Le apparizioni riguardano l'identità di Maria e l'identità della Chiesa, ma più in profondità rivelano l'identità di Dio. Per capire questa rivelazione occorre partire dal mondo contemporaneo, in particolare dal secolo XX che ha visto il moltiplicarsi delle apparizioni mariane. Orbene, tra le tante definizioni del Novecento, la più terribile ed evidente è quella che vede in esso «il secolo più sanguinario della storia»1. Basti pensare ai 150 milioni di morti ammazzati nelle guerre, di cui 35 milioni di martiri. È sufficiente ricordare gli orrori del fenomeno comunista con i 60 milioni di persone fatti sparire da Stalin nell'arcipelago Gulag, ai 6 milioni di ebrei e polacchi brutalmente eliminati da Hitler nei campi di sterminio, ai 200 mila giapponesi fatti perire dalle bombe americane di Hiroshima e Nagasaki nel 1945... per concludere che mai nella storia si era perpetrata una carneficina di cosi vasta portata. Che cosa fare dinanzi a questa dissennata cultura di morte, che non offre nessun segno di ravvedimento? Non possiamo certo sostituirci a Dio e suggerirgli quello che deve fare per salvare il mondo! Quello che dobbiamo fare è prendere atto come nella nostra epoca, piuttosto che intervenire personalmente, Dio preferisca inviare nella storia umana Maria come messaggera di preghiera, conversione, spiritualità.

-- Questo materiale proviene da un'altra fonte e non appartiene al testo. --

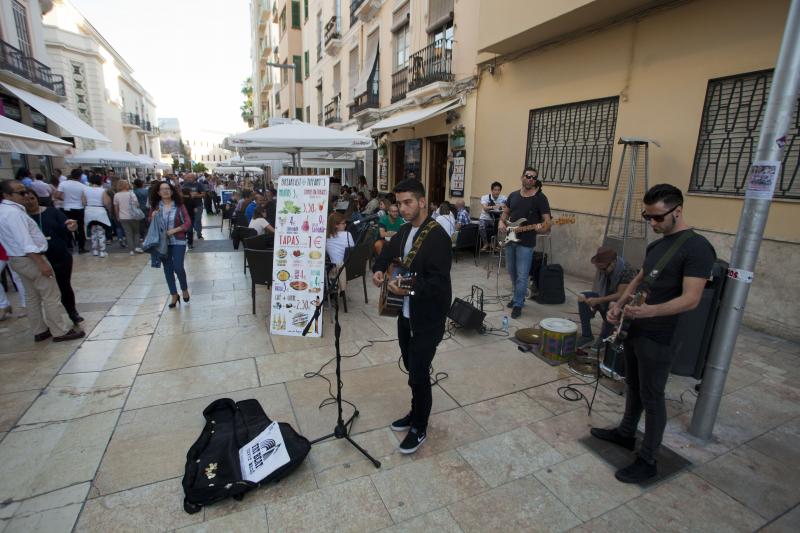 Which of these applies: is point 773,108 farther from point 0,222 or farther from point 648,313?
point 0,222

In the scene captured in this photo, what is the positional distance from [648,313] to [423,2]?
11.5 m

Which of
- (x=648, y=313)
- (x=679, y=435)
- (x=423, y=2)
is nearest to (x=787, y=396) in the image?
(x=679, y=435)

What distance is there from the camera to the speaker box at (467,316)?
15.2 feet

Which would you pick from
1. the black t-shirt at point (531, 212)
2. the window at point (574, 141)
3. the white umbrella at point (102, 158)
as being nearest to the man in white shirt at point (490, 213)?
the window at point (574, 141)

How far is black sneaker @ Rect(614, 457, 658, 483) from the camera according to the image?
96.4 inches

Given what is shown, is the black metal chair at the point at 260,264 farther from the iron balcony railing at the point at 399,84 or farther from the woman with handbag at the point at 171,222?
the iron balcony railing at the point at 399,84

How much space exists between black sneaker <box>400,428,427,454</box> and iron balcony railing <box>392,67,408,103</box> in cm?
1139

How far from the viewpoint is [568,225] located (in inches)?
286

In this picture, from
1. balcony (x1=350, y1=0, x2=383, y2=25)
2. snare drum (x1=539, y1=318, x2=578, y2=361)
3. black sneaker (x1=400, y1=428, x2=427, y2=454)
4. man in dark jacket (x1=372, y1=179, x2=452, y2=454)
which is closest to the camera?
man in dark jacket (x1=372, y1=179, x2=452, y2=454)

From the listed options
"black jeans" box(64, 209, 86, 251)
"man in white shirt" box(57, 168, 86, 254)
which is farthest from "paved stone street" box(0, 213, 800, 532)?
"man in white shirt" box(57, 168, 86, 254)

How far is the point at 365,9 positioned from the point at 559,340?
46.6 feet

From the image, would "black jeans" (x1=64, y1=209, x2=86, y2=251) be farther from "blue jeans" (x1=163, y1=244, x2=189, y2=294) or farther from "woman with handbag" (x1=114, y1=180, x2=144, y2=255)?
"blue jeans" (x1=163, y1=244, x2=189, y2=294)

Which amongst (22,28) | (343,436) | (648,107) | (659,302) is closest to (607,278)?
(659,302)

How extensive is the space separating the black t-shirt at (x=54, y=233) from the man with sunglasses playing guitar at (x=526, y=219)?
5438 mm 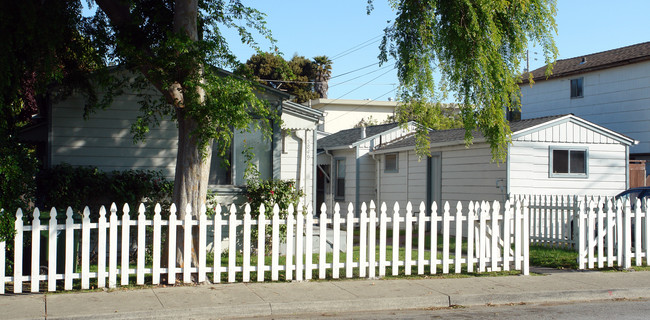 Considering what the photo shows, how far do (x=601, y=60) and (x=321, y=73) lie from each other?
24.9m

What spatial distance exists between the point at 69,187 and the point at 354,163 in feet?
39.8

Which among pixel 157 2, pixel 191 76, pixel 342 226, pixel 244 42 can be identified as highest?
pixel 157 2

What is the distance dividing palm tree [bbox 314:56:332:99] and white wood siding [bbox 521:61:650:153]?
2218 cm

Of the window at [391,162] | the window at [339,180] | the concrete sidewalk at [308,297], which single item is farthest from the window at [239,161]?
the window at [339,180]

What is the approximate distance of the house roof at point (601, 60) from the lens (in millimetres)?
21922

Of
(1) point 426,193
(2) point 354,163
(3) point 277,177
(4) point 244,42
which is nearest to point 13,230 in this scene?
(4) point 244,42

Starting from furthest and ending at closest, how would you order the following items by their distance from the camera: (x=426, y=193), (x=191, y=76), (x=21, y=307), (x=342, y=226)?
(x=342, y=226), (x=426, y=193), (x=191, y=76), (x=21, y=307)

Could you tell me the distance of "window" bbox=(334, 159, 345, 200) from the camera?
2319cm

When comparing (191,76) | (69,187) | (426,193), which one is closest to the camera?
(191,76)

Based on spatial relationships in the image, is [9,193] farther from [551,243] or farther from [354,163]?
[354,163]

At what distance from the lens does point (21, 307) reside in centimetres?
750

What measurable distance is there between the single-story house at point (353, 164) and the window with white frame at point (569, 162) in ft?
19.2

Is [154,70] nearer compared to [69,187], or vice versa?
[154,70]

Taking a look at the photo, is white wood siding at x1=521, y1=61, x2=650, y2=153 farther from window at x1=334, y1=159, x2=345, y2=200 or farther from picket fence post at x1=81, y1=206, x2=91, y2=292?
picket fence post at x1=81, y1=206, x2=91, y2=292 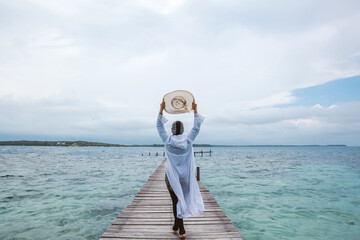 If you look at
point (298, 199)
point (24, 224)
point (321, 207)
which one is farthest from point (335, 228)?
point (24, 224)

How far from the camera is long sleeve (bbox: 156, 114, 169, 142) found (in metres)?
4.01

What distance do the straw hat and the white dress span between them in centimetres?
30

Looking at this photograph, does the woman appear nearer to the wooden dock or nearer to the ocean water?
the wooden dock

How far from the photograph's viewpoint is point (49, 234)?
7.52m

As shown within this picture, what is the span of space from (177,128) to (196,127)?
0.35 metres

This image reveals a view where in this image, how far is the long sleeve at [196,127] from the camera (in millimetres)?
3957

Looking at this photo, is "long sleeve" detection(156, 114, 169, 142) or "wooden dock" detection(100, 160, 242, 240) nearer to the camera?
"long sleeve" detection(156, 114, 169, 142)

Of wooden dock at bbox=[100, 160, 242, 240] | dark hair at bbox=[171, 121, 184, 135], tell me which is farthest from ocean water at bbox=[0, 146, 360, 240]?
dark hair at bbox=[171, 121, 184, 135]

Si tratta di un invito pressante perché gli esseri umani cambino strada di fronte a un futuro incombente e distruttivo: «Le mariofanie conoscono un'escalation in questo richiamo, perché in esse la Vergine passa dalle parole al pianto e probabilmente alla sanguinazione. È un grido della Madre che assume i toni della profezia e dell'apocalittica per fermare i passi dissennati di tanta parte del mondo e per mostrare in lei il volto misericordioso del Dio Amore»2. A ben esaminare le apparizioni mariane contemporanee, rileviamo facilmente come due aspetti del volto di Dio vengono mediati da Maria: la femminilità/maternità e la compassione/sofferenza.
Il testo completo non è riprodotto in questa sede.